→ Work order: Below are the records; retype them exactly and omit each picture.

→ Materials provided:

--------------------------------

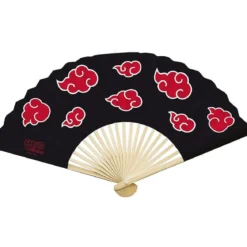 naruto shippuden - ventaglio akatsuki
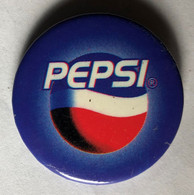 Badge Vintage Publicité Marque PEPSI - Altri & Non Classificati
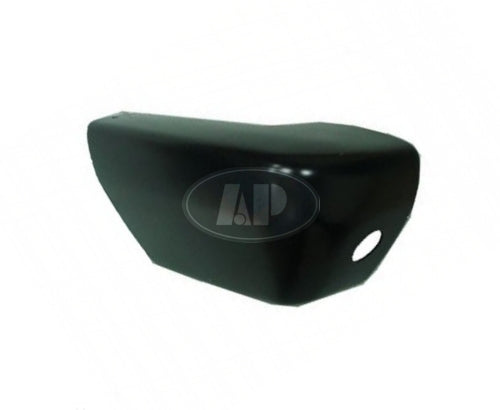 BUMPER END RR LH W/SENSOR HOLE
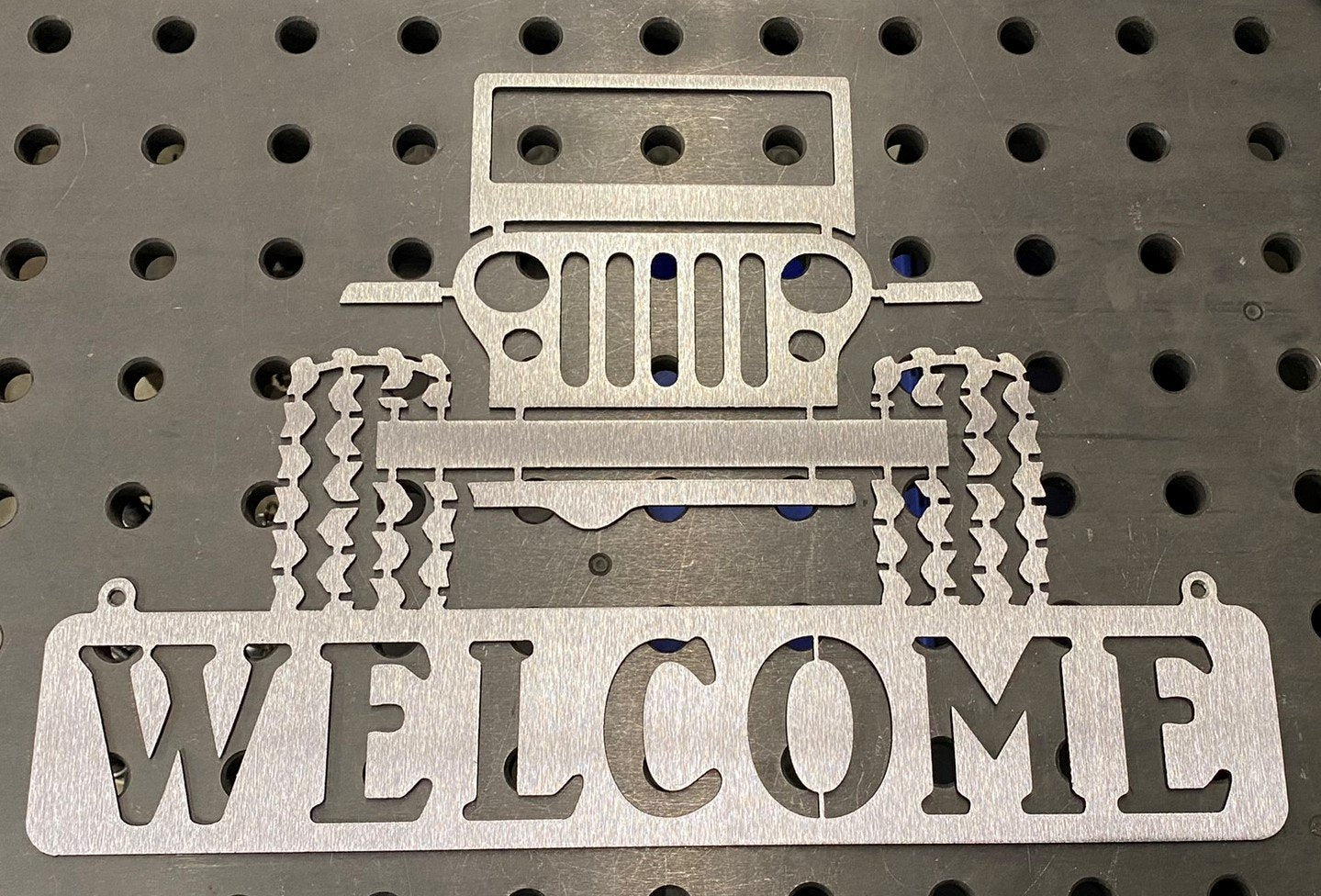 Welcome Off Road Buggy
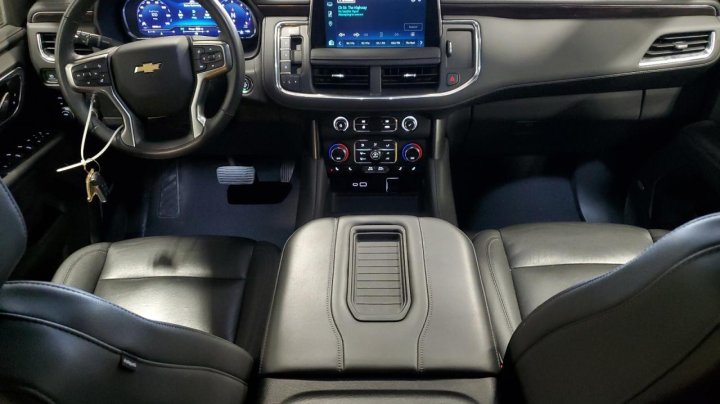 Chevrolet Tahoe K1500 LT 2023
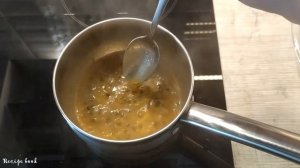 Желе из маракуйи / Конфи из маракуйи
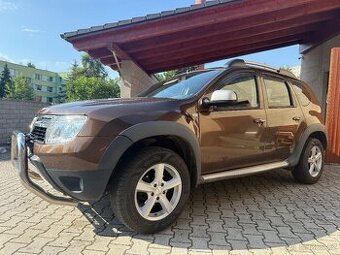 DACIA DUSTER 1.6i 77KW 4X4,2012,TAZNE,KLIMA,1.MAJITEL.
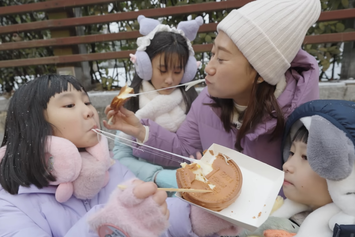 7 Makanan Musim Dingin Khas Korea, Rekomendasi Kimbab Family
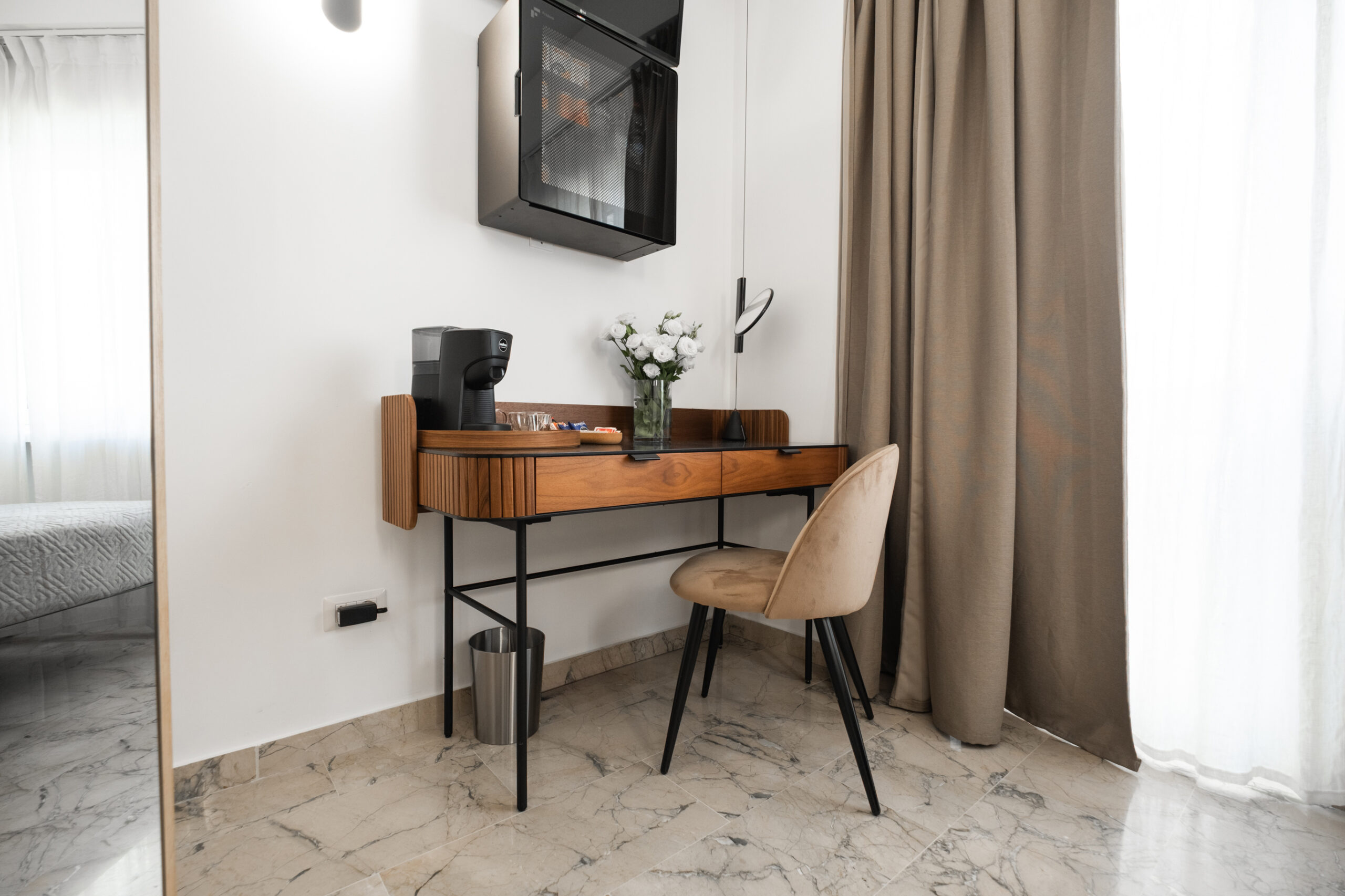 Camera 3 - Matrimoniale Deluxe - immagine 4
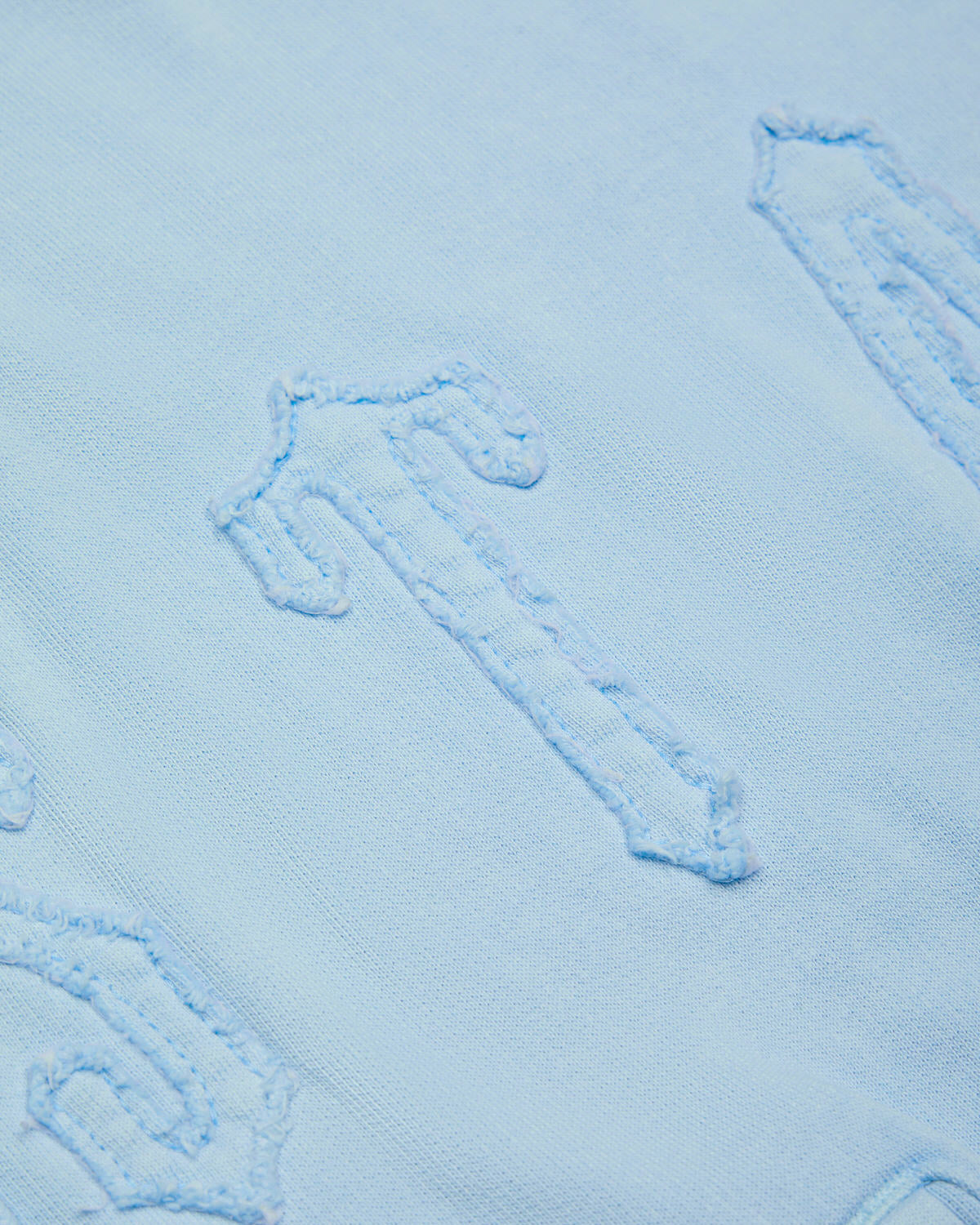 Baby Blue Women's Trapstar Irongate Cropped Batwing Zip Tracksuits, Trapstar London | 1653VITFH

--------------------------------

→ Result:
 naruto shippuden - ventaglio akatsuki
 Badge Vintage Publicité Marque PEPSI - Altri & Non Classificati
 BUMPER END RR LH W/SENSOR HOLE
 Welcome Off Road Buggy
 Chevrolet Tahoe K1500 LT 2023
 Желе из маракуйи / Конфи из маракуйи
 DACIA DUSTER 1.6i 77KW 4X4,2012,TAZNE,KLIMA,1.MAJITEL.
 7 Makanan Musim Dingin Khas Korea, Rekomendasi Kimbab Family
 Camera 3 - Matrimoniale Deluxe - immagine 4
 Baby Blue Women's Trapstar Irongate Cropped Batwing Zip Tracksuits, Trapstar London | 1653VITFH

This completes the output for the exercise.